━━ RECORDS FOR PROCESSING ━━

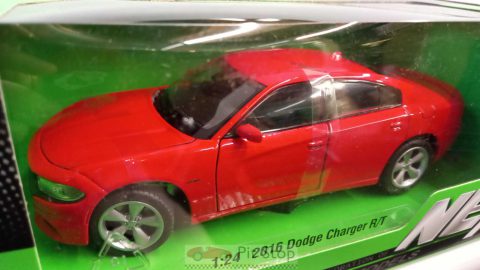Welly Dodge Charger R/T 2016 1/24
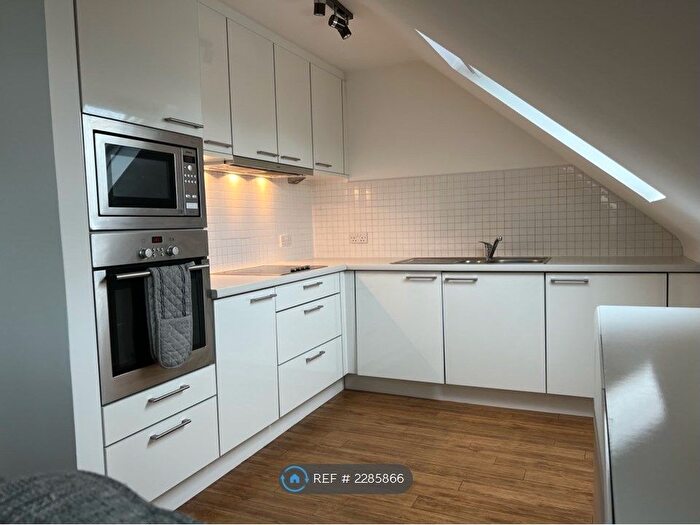 2 Bedroom Flat To Rent In Main Street, Kirkliston, EH29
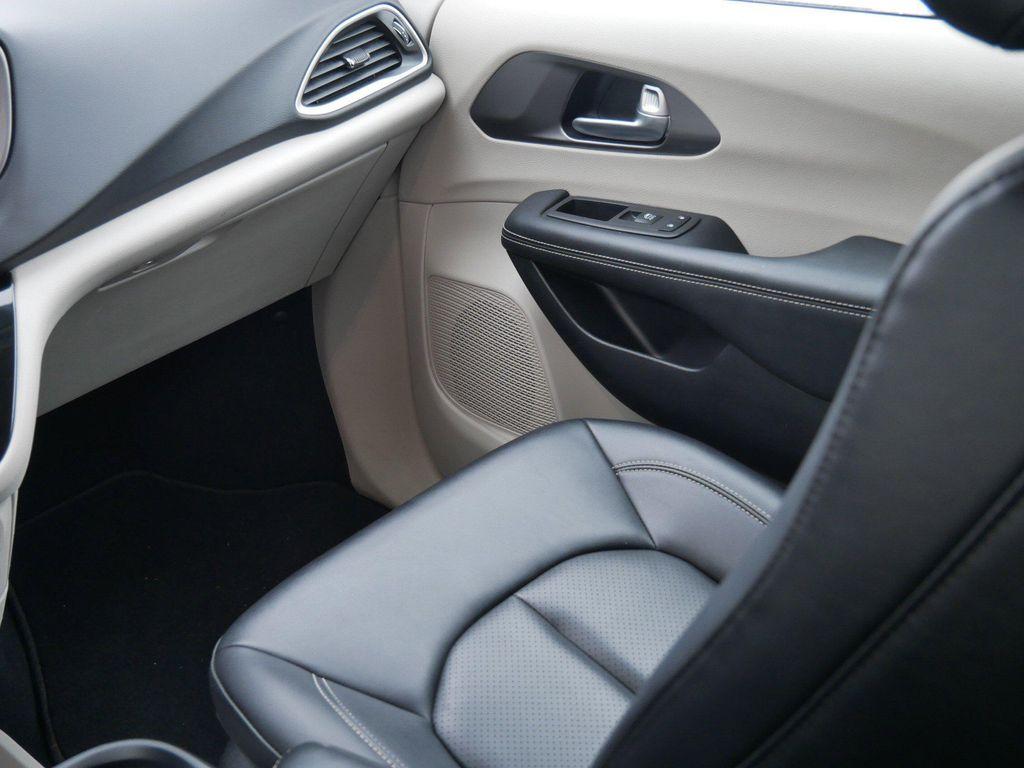 used 2024 Chrysler Pacifica car, priced at $26,982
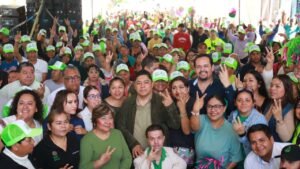 Ricardo Gallardo enchula Colonia Colorines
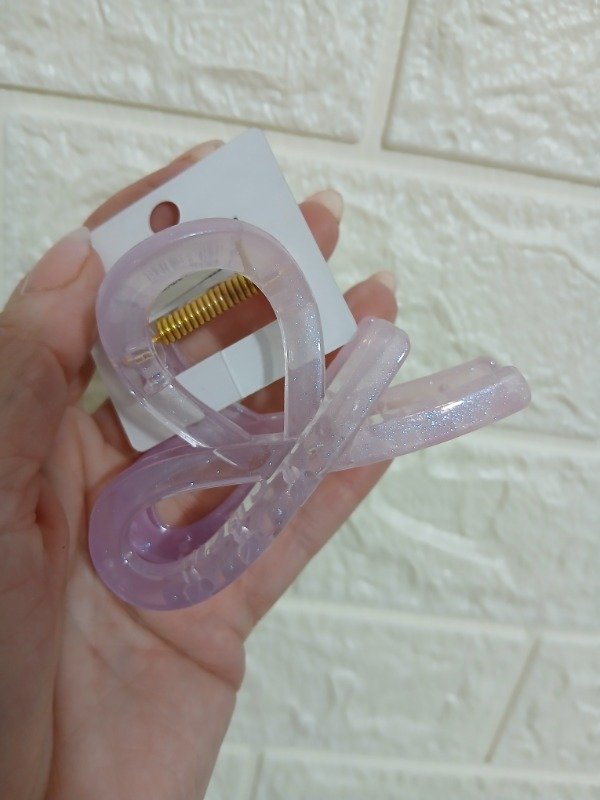 Producto - Pinza de Pelo Moño Transparente con Glitter - Estilo Aesthetic - 1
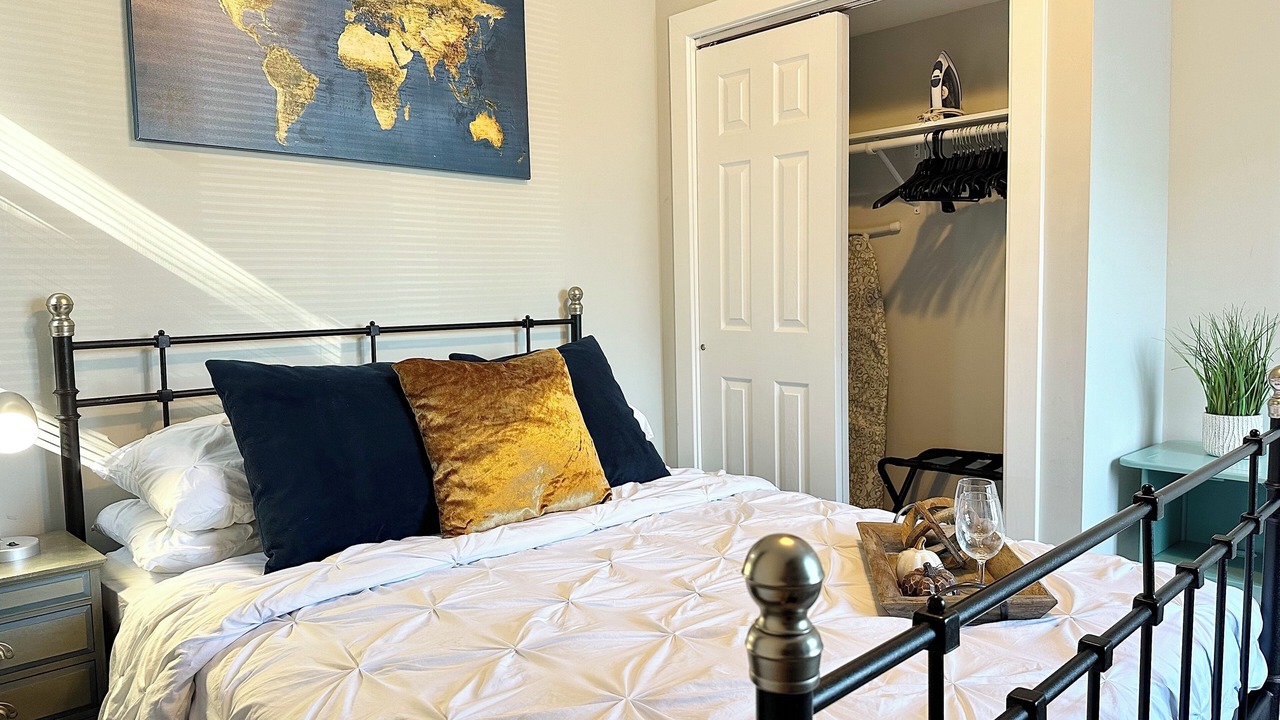 Photo of Bedroom in Oak Park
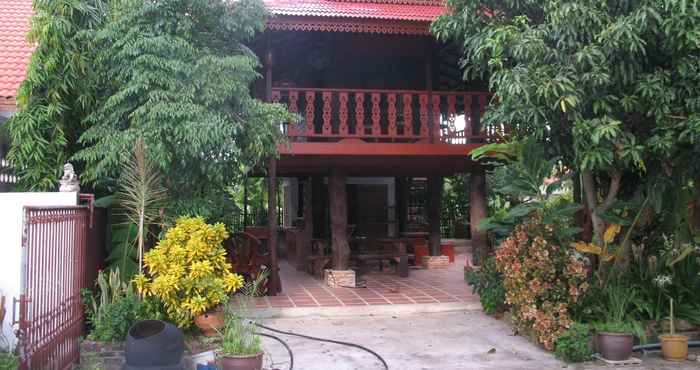 Bên ngoài Teak House Chiangmai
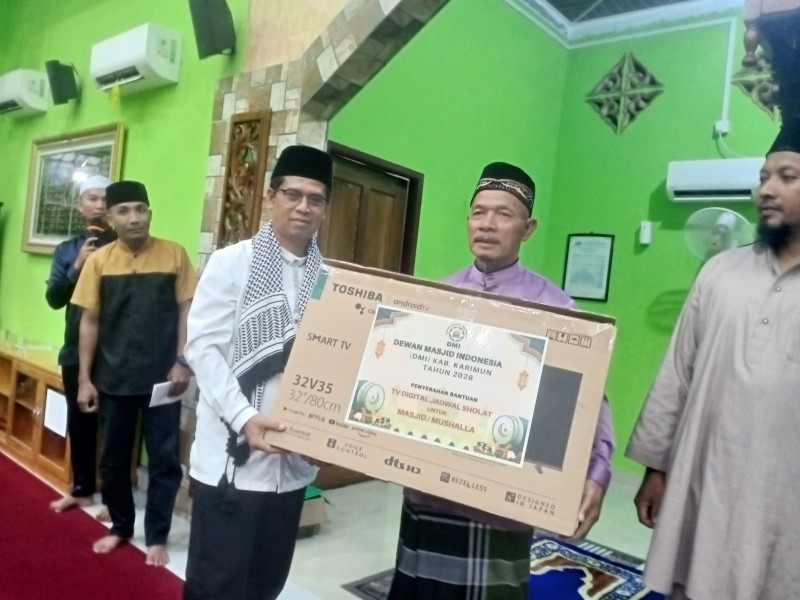 Malam Ke 3 Ramadhan, Bupati Karimun Gelar Safari Ramadhan Di Masjid Al Hidayah Alor Jongkong.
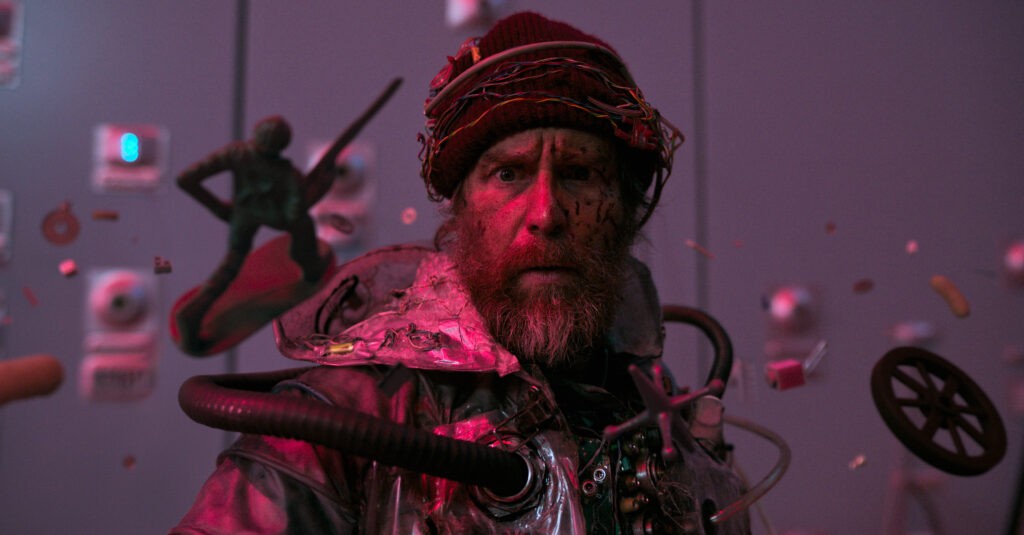 Erster Teaser zu Gore Verbinskis neuem Sci-Fi-Trip „Good Luck, Have Fun, Don’t Die“ veröffentlicht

━━━

**EXERCISE BRIEF:**
Copy exactly the material above from the line with "Photo of Bedroom in Oak Park" to the line with "Malam Ke 3 Ramadhan, Bupati", ends included, and nothing else. Leave out any picture.

**ANSWER TO THIS EXERCISE:**
 Photo of Bedroom in Oak Park
 Bên ngoài Teak House Chiangmai
 Malam Ke 3 Ramadhan, Bupati Karimun Gelar Safari Ramadhan Di Masjid Al Hidayah Alor Jongkong.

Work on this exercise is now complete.